How going to a Joburg market finally convinced me to get a new phone

Monday, May 18, 2015



Ugh, I need a new phone. I have finally made peace with this very uneasy truth. I have never had the opportunity to actually upgrade from one phone to the other, as I have always left my cellphone in a shop somewhere, had it stolen out of a handbag in a club or just generally misplaced it and never found it ever again. So I am one of those fortunate people who have always been forced to get a new phone, whether I was buying a cellphone or just quickly doing a simswop for a family member's old phone.

Now, I am in the position where I am forced to get a new one because my old iPhone 4S sucks, big time and it is time for un upgrade anyway. Not only is its screen smashed, the back of it is smashed too - I have replaced both so many times now that I don't even bother anymore, I know it will just be broken within the next hour or so. I am a serial cellphone dropper, notorious at that. It might be because I always want to carry everything in my hands, despite having a handbag JUST there.

The other reason I need a new phone is because this old rickety thing of mine takes KAK photos. I think all the times I've dropped it has messed with its head and no matter what I try, they all come out kak. Case in point, when my friend and I recently visited a few Joburg Markets around the city. Now, I know you might be thinking why I am using a phone to take blogpost pics and not a proper camera - truth is, I will remember everything there is to remember, but to charge the batteries on my camera? Fuggetaboutit. Where I put my four memory cards? No idea. So phones are just more reliable than I am.

Our first stop was The Sheds@1Fox , which is quite lekker on a Thursday, because it has bands going, good food, craft beer and none of the hipsters. I like hipsters though. But on Saturdays, I think it is still being overshadowed by Neighbourgoods.




Come on people, why is no one visiting 1Fox? Why trample each other to death at the other markets if you have so much more space here, but pretty much the same on offer? This problem needs to be fixed - like my phone.

Our second stop was - tuddumtish - Neighbourgoods. Whoa. Overcrowded markets probably brings out the introvert in errrbody. People watching is quite interesting, but while there I definitely thought that my tv and my couch was inching up on my priority list.



We also checked out the Factory on Grant, which is quaint and doesn't quite pack the punch of the other two markets.
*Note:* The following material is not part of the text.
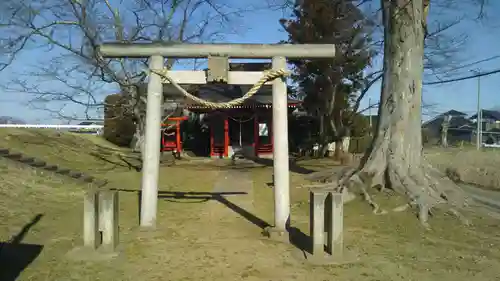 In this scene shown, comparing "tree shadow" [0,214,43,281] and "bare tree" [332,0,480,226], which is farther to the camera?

We went there after one of the stall owners at Neighbourgoods told us that their shop was based here - a screenprinting shop, which offers classes in the lost[?] art. BONUS: On Fridays, The Factory has a nighmarket - I am yet to visit - where you can get a stall FOR FREE and sell your goodies. I bake some mean rusks, maybe I should drop in on a Friday and sell them with some boeretroos.

Coming back to my phone, this dilemma comes in - currently my contract is dirt cheap, because it is also so ancient that it could be excavated with the dinosaurs. I don't like spending money when I don't need to.

So I thought instead of upgrading, I should just buy a newer secondhand phone and just do a simswop and keep my old dirt cheap contract. Life hack unlocked and accomplished? Methinks so.

Selling my phone? As much as I would love to have done that, and use Gumtree's new Phone Price Checker tool to see what I could get for my unapolgetically used iPhone - I doubt that anyone would want to buy this old hack Its battery doesn't even last five minutes.  But maybe I will slip it in under secondhand phones and see if I get an offer ;)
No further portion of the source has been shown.